Tuesday, October 9, 2012

October and the Upcoming Winter

Richard from Georgia asked about the correlation of temperatures in October to the following winter. As a first crack at answering this, to the left is a plot of the October mean temperature vs. the mean temperature the following mid-winter, December through February. I've divided up the scatter plot in four quadrants based on the mean temperatures for the 81 years of data used here. As you can see, there is not much correlation (R=0.13). Some cold Octobers are followed by very mild winters, and vice versa. For example, Oct 2000 had an average temperature of 22.3F, about 3 degrees below the long term average, but was followed by the warmest mid-winter in the past 82 years. In contrast, last October was very mild (mean temperature 28.9F), but was followed by a  mid-winter with an average temperature of -11.0F, the coldest in years. 

However, this is not the whole story. We know that the warm phase of the Pacific Decadal Oscillation (1976-2007) correlated with much warmer winters in Interior Alaska than previous decades, but October (and the autumn in general) did not warm very much at all during the same time period.  I'll take at look at this complication in another post.

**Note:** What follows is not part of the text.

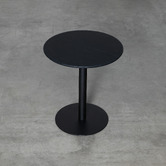 Brooklyn and Bella Xayah Marble Side Table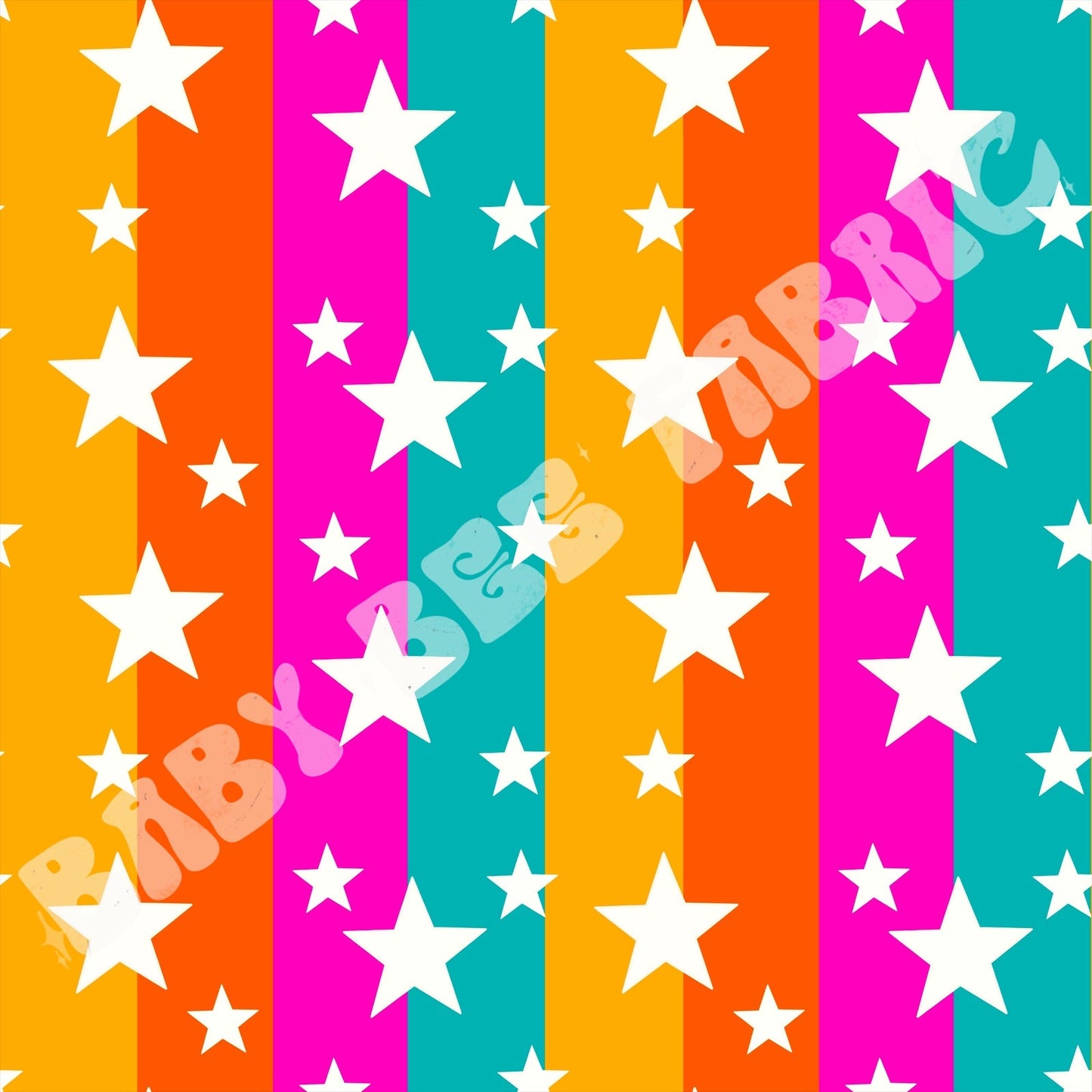 Rainbow Stars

  1. Thanks for the analysis! Certainly very little correlation overall. I would suggest there seems to be some connection at the extremes of the joint distribution, with the very warmest Octobers (top 5 or so) mostly followed by warm winters and the very coldest winters mostly preceded by cold Octobers - but this accounts for only a small fraction of the years and could be just a statistical quirk.

    Look forward to anything else you have to say on the topic.


  2. Richard: new post looking at ranked correlation of Oct vs. DJF temps.